Font Size
Line Height

Page 13 of The Summoning Spell (The Holiday Glitch #1)

Epilogue: The Devil You Knew

B lair opened her front door the day after Halloween morning and froze.

The chill of dawn brushed her bare arms, but that wasn’t what stopped her. It was the pumpkin.

There, on her porch, sat a single, perfect pumpkin, the day after Halloween. No note, no ribbon, no context.

Merely a carving.

At first glance, it looked decorative, ornate, perhaps overambitious.

But something about it tugged at her eyes like it didn’t want to be looked at directly.

Not all at once. Swirls curved into sharp lines.

Nested circles layered into patterns that felt sentient.
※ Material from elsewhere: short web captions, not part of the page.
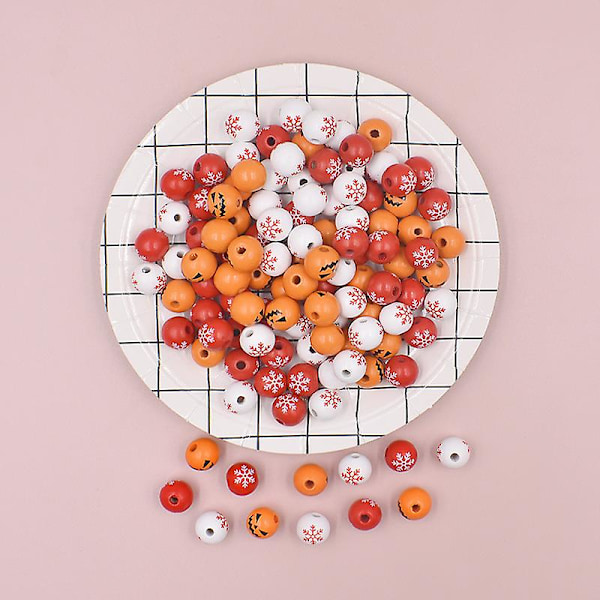 100 stk snøflakperler 16mm juleperler i tre for håndverk, pynt og smykkeproduksjon (gul)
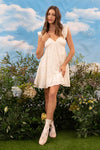 V-Neck Tiered Babydoll Mini Dress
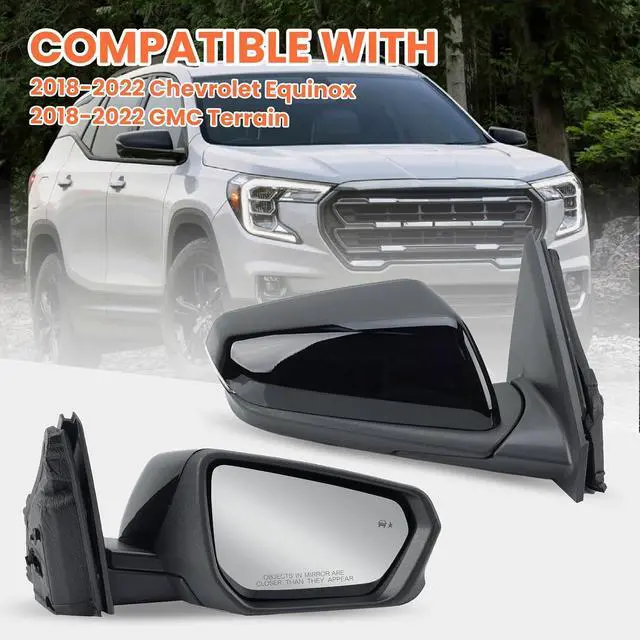 Alt view image 7 of 7 - Passenger Side Mirror for 2018-2024 Chevy Equinox GMC Terrain 8 Pins | Mirrors With Power Glass Heated Turn Signal Blind Spot Replaces#84225387(Black)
The design shimmered when the sun kissed it, as if the air itself were holding its breath.

Her heart began to race.

She stepped closer. The static built on her skin, as it does when you stand beneath a sky seconds before a lightning strike.

And then, like a page turning in a book she hadn’t known she was reading, the runes shifted .

It changed into four little words.

Will you marry me?

Her breath caught. The world narrowed to a pinpoint and expanded in the same instant. She blinked, once, twice, as if testing whether she was dreaming. But the porch stayed solid beneath her feet. The air smelled like cinnamon and cold.

Then,

Ashar stepped into view from the side of the porch, like a shadow that had finally decided to claim the light. Slow, deliberate. The gold wash of morning made him look almost holy, as if holiness wore black jeans and boots and the same ridiculous red leather jacket he refused to part with.

He was smiling. Not the wicked grin he wore when he was being clever. Not the teasing smirk he gave before doing something unholy to her against a wall.

This smile was soft and open.

Molten gold in human form.

He held out a ring.

It looked forged, not crafted. Like someone had pulled it from the center of the earth, obsidian-black with veins of ember-glow, set in a band that shimmered with shifting runes. Not symmetrical. Not smooth.

But unmistakably hers.

“I figured,” Ashar said, voice low and steady, “if you were going to marry a demon, it should be with a magical pumpkin.”

Blair laughed, or possibly sobbed. She wasn’t sure. Her chest ached in the best way. Her eyes burned.

“What if I say no?” she asked, voice barely above a whisper.

He stepped closer, took her hand, lifted it gently, reverently, as if she were something sacred and the world might stop if he dropped it.

“Then I’ll keep haunting you,” he murmured, pressing a kiss to her knuckles, “until you change your mind.”

She threw her arms around him like her body had made the decision before her brain could catch up.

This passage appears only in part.